Veronica's (Portia de Rossi) cold-blooded determination to succeed has made her an incredible tool for Veridian Dynamics, and one of her greatest assets is to spin anything in her own favor. While the tragic death of one of her employees, caused by over exhaustion from working too hard, is likely to incite riot under anyone else's supervision, Veronica instead paints the employee's death as a sacrifice for the greater good of the company, one man's determination to help Veridian succeed where others refuse, and in doing so she manages to convince her employees that anything less than everything they've got is disrespectful to the dead employee's memory.

At first seeing the death of Jenkins (Warren Sweeney) as nothing more than an annoyance, Veronica is made to use his loss as a tool to motivate the rest of her staff as "the company feels that if [they] ease up because someone died, it will only encourage others to die," and that would drive productivity into the ground. Chosen to be the final speaker at Jenkins' memorial service, Veronica rouses the crowd into thinking that they need to work harder in order to finish the project in his memory, stating privately to Ted (Jay Harrington) that "the company didn't think 'sad' was the way to go," letting her employees think that they're creating a legacy for Jenkins in completing the project he worked so hard on.

Lem (Malcolm Barrett) uses his 'close friendship' with Jenkins to get in with the cool accountants from upstairs, being invited to smoke with them and stating that "[he] do[esn't] smoke, but [he]'d love to watch [them] smoke." Soon Lem is making up elaborate stories about he and Jenkins on fishing trips and other adventures that, in reality, are extreme elaborations of things that happened to he and Phil (Jonathan Slavin). Eventually Phil feels as though he's been replaced as Lem's best friend by a dead man, and the situation is so ridiculous that it should be sad, but it's just hilarious.

Ted states that Jenkins had been at his desk when he left at night, and was back at his desk before Ted got to work the next day, and gathers a group of employees to bring him a cake as a reward. Naturally, they find him dead in his office, and the setup here is just so incredibly obvious that it was seen coming from the moment Ted started talking. A little misdirection would have been nice here.

Initially upset that his final interaction with Jenkins involved throwing coffee at him, Lem is quick to exploit his reputation as Jenkins' friend in order to make a name for himself. Soon Jenkins becomes something of a messiah to the office dwellers, with the eight people who found his body being referred to as "the finders," and at no point does Lem take notice that what he's doing is actually disrespectful to the man he's so concerned about having wronged. It gets to the point that the company gives Lem Jenkins' ashes, because the two were such close friends and Jenkins has no remaining family, but it would have been nice for Lem to have shown some kind of remorse for his actions through this story.

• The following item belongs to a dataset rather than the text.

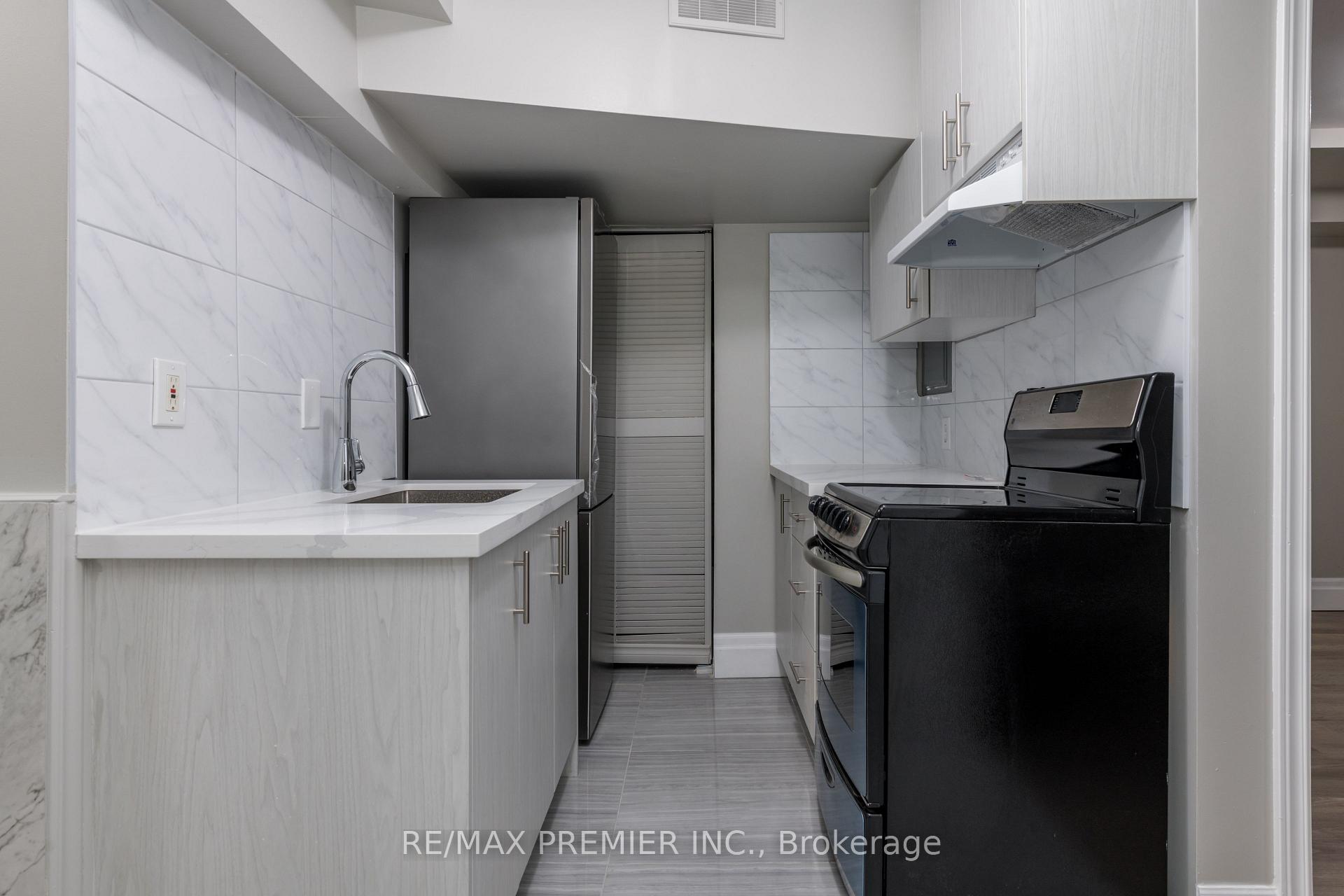 Photo 11 of 352 Duckworth Street, Barrie, Wellington — HOMEH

De Rossi absolutely knocks it out of the park in this episode, stealing every scene she's in and really bringing the material to life. Her chemistry with Andrea Anders (as Linda) is fantastic here, and, as always, it's a pleasure to see Merrin Dungey return to the role of Sheila. The rest of the cast is great in their roles, too, creating a very well-rounded energy that brings out the best in everyone involved.

There are a lot of little things in Marc Buckland's direction here that add up to make an incredibly entertaining episode, one of the funniest being Phil's incapability to break open Jenkins' urn and Linda's numerous attempts to live in the moment and appreciate her life. The people speaking at Jenkins' memorial without knowing a single thing about him is genius, as is the video about Jenkins playing in the elevator, accompanied by Veronica's cover of Rick Astley's 'Never Gonna Give You Up.'

Ingrid Escajeda writes this episode with a focus on how detrimental extended work hours can be to both morale and productivity, showing that the mood of the office takes a huge dip the longer everyone is made to stay and the employees quickly grow more aggressive with one another. In order to alleviate the tension Veronica suggests that they fire the most productive employee in order to scare the rest into doing their jobs, while Ted counters by suggesting that they instead reward the hardest working employee in order to motivate the rest. Overall this is a huge improvement over a number of episodes within the second season, and a return to form of the first year of this series.

Despite the minor rift that grows between Phil and Lem during the course of this episode, the two end up bonding closer than ever due to Lem's admittance of truth to everyone about his lack of familiarity with Jenkins. The employee's appreciation for the company is also short-lived, after realizing that they had been manipulated into doing massive amounts of work, though it's likely to have had no effect on them in later stories.